Scraping by: Terrill (Photo by Bruce Robey ) |
Where does Catalyst Theater Company, a mere four productions old, fit into this multifaceted wonderland we call Washington theatre? Their mission statement goes something like this: “To produce plays that reflect a moment of remarkable change in the world view of the culture from which they were written, and to respond artistically to a ‘new world’ by investigating ‘catalytic’ plays that have come before us and exploring new works that possess a ‘catalytic spirit.'”
One can only hope that “to entertain the ticket-buying public” can be assumed somewhere along in there, although judging by the company’s production of Samuel Beckett’s Endgame, the odds are not in your favor.
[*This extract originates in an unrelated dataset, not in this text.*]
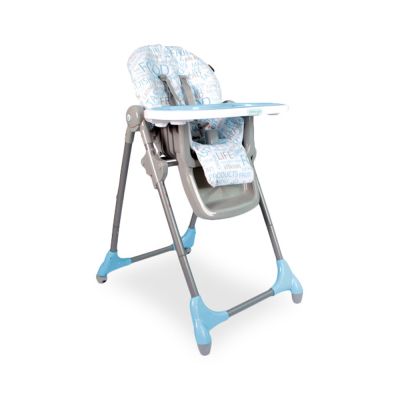 BEBEGLO Silla de comer 6 alturas RS-7055 Celeste1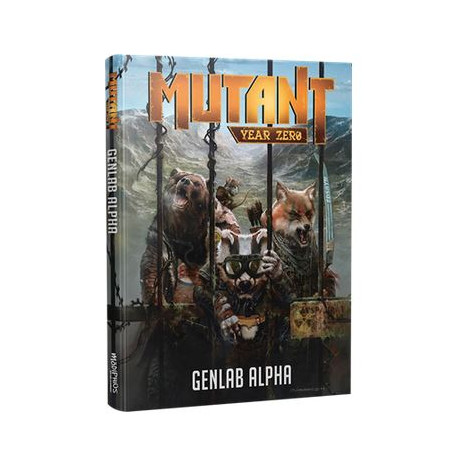 Mutant Year 0 : Genlab Alpha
Like Beckett’s 1952 Absurdist stage landmark Waiting for Godot, 1958’s Endgame is about inaction and contemplation — the theatrical equivalent of navel-gazing. Tides are gone, light is fading for good — in other words, the post-Apocalyptic world is in its dying gasp.
Humans aren’t finished just yet, although Endgame‘s four characters are in especially dire straits. Hamm (Eric Singdahlsen) rules the remnants of his household like a mad tyrant, ordering around Clov (Jesse Terrill) and heaping abuse upon his parents Nagg (Steven Kirkpatrick) and Nell (Wendy Wilmer), who are both legless and confined to trashcans.
Blind and wheelchair-bound himself, Hamm isn’t in much better shape physically. But he does hold sway over Clov, whose sight and mobility haven’t yet succumbed to the ills of this nuclear winter-like state that have put the human race on the fast track to eradication.
Why does this motley crew even bother anymore, when there’s nothing left to live for and their existence is nothing more than pure suffering? Well, that’s Beckett for ya’. To serve his philosophical ends, they have to be there, meandering aimlessly about how miserable they are, and questioning and re-questioning ad nauseam how all of this will end.
Forty-five years after the fact, can Endgame‘s effect be anything more than ultra-tedious? Catalyst’s earnest production, shaped by director Christopher Janson, emphasizes the work’s grotesqueness, but never really captures Beckett’s bleak sense of humor, which would make Endgame bearable.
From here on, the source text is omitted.